The Tarantulas  are a surf guitar / rockabilly / punk  band. The Tarantulas Formed in 1995 in Orlando, Florida, with Randy J Shams (also known as a film composer) on guitar and  Chris Valentino on drums.

Early history 
In the early 1990s, guitarist Randy J was performing as a solo guitarist at local coffee houses and bars in Orlando. Chris Valentino, who was already gaining a reputation as an experienced percussionist and jazz drummer, would sit in on drums and the two musicians would improvise on instrumentals during live shows.

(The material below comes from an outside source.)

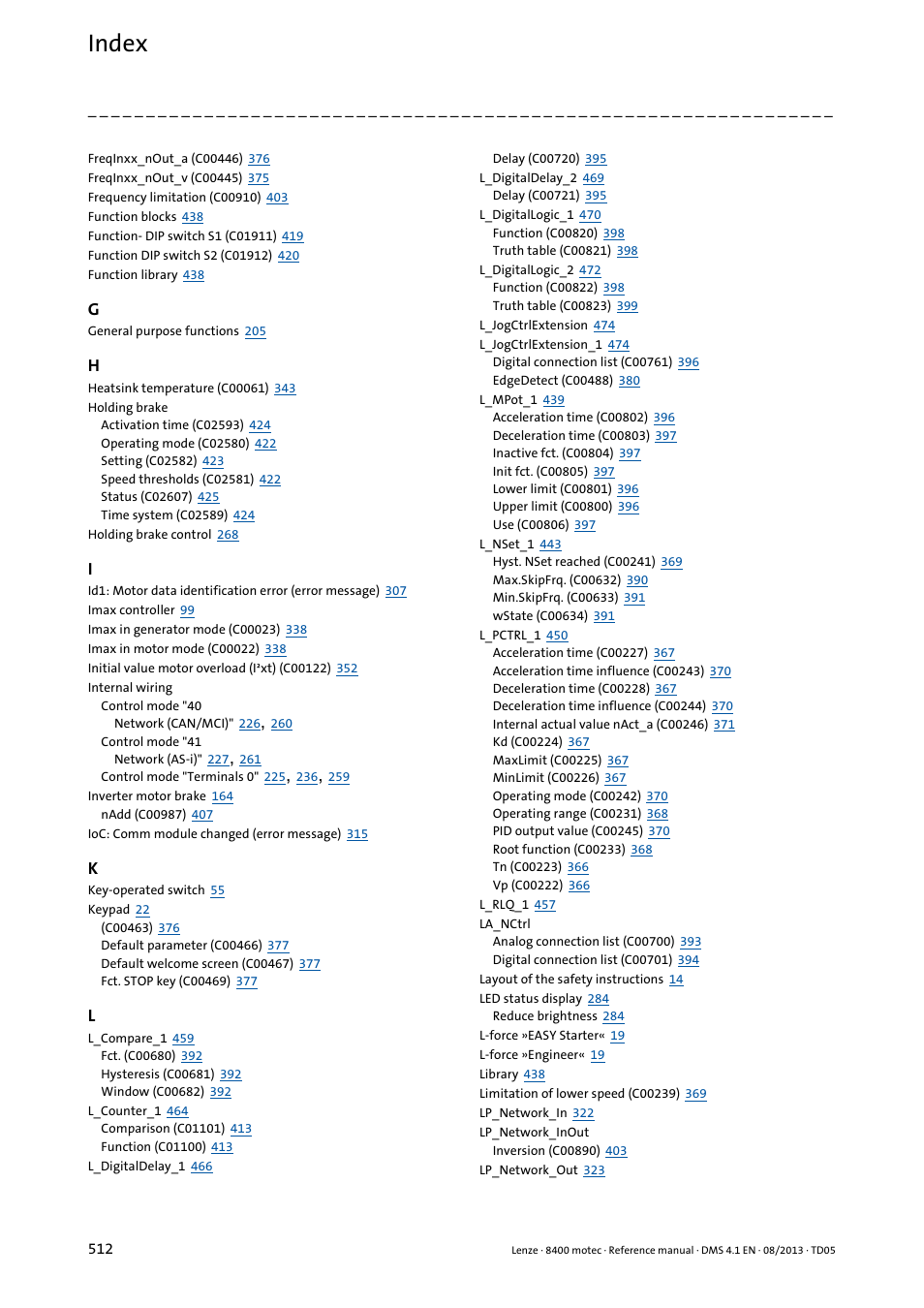 Index | Lenze 8400 motec User Manual | Page 512 / 518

The experimental elements of the music gradually became a backdrop for pure traditional surf guitar melodies in the style of The Lively Ones, Link Wray, Dick Dale, and The Ventures. In August 1993 Randy J began performing under The Tarantulas name and by 1995 The two musicians found a bassist, Loran Lea, to round out the band, and the trio continued performing as The Tarantulas.

Monster Wave era 

In 1998, Ken Baugh joined The Tarantulas on bass and recorded with the band on "Monster Wave 100 Feet High". Ken was already known as a surf guitarist with his own band, the Ten Penny Heroes. The band continued performing shows at the House of Blues in Orlando, opening shows for Link Wray, and performing shows with The Friends of Dean Martinez and Dick Dale.

The trio released Monster Wave 100 Feet High in 1999 followed by Bandidos De Rojos in 2000.

Current recordings  
The Tarantulas Greatest Hits..or ... The Big Sellout was released in 2004, and Don't Murder Anyone ... Listen to the Lovebeats in June 2006.

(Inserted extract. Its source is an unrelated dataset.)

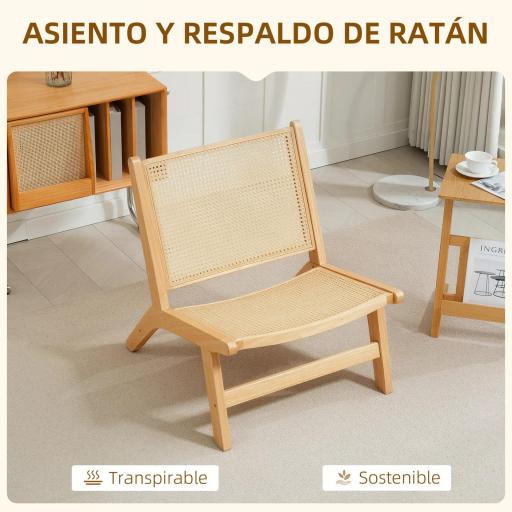 Butaca de Salón con Respaldo y Asiento Amplio de Ratán Marco de Madera para Dormitorio Sala de Estar Natural [2]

They feature drummer Eddy Barattini, vocalist Kelly Cole, and early Tarantula tracks from the original lineup in the mid-1990s.

In 2011, The Tarantulas released the singles "Love in a Haystack" and "Summertime Girl". The current members for touring and recording are Randy J on guitar and vocals, Bill Juharos on drums, and Udi Cohen on bass.

The band is currently located in Arizona and Florida. The pop-punk album "13 Bites" was released in October 2019. The surf album "Surf 101" is scheduled for release in 2019.

Loran Lea 
The Tarantulas original bassist, Loran Lea, died in an auto accident on January 27, 2013.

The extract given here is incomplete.